[MATERIAL FOR THE TASK Boundary: Start]
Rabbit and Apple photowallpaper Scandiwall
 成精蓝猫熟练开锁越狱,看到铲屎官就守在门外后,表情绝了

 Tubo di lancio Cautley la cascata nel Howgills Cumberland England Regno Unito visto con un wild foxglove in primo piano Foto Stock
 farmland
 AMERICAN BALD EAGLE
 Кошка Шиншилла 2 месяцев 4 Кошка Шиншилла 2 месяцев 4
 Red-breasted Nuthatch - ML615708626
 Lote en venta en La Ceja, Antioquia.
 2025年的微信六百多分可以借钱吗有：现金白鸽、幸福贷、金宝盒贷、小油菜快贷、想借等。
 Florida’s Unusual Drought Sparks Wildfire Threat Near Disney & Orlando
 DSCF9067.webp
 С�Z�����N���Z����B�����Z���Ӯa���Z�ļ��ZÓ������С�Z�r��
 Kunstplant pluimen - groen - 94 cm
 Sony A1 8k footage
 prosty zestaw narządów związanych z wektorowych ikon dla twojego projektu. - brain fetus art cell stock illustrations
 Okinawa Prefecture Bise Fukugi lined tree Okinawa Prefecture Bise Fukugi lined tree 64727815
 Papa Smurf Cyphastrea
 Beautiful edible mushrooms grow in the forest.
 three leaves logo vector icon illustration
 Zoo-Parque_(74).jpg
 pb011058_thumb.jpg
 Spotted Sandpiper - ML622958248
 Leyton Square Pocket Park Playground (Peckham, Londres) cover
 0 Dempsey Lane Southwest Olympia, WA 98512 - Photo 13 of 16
[MATERIAL FOR THE TASK Boundary: End]
▶ [EXERCISE REQUIREMENTS]
The answer should be an exact copy of the lines from the first line of the data through the line with "Spotted Sandpiper - ML622958248" and should contain nothing else.

▶ [TASK RESULT]
Rabbit and Apple photowallpaper Scandiwall
 成精蓝猫熟练开锁越狱,看到铲屎官就守在门外后,表情绝了

 Tubo di lancio Cautley la cascata nel Howgills Cumberland England Regno Unito visto con un wild foxglove in primo piano Foto Stock
 farmland
 AMERICAN BALD EAGLE
 Кошка Шиншилла 2 месяцев 4 Кошка Шиншилла 2 месяцев 4
 Red-breasted Nuthatch - ML615708626
 Lote en venta en La Ceja, Antioquia.
 2025年的微信六百多分可以借钱吗有：现金白鸽、幸福贷、金宝盒贷、小油菜快贷、想借等。
 Florida’s Unusual Drought Sparks Wildfire Threat Near Disney & Orlando
 DSCF9067.webp
 С�Z�����N���Z����B�����Z���Ӯa���Z�ļ��ZÓ������С�Z�r��
 Kunstplant pluimen - groen - 94 cm
 Sony A1 8k footage
 prosty zestaw narządów związanych z wektorowych ikon dla twojego projektu. - brain fetus art cell stock illustrations
 Okinawa Prefecture Bise Fukugi lined tree Okinawa Prefecture Bise Fukugi lined tree 64727815
 Papa Smurf Cyphastrea
 Beautiful edible mushrooms grow in the forest.
 three leaves logo vector icon illustration
 Zoo-Parque_(74).jpg
 pb011058_thumb.jpg
 Spotted Sandpiper - ML622958248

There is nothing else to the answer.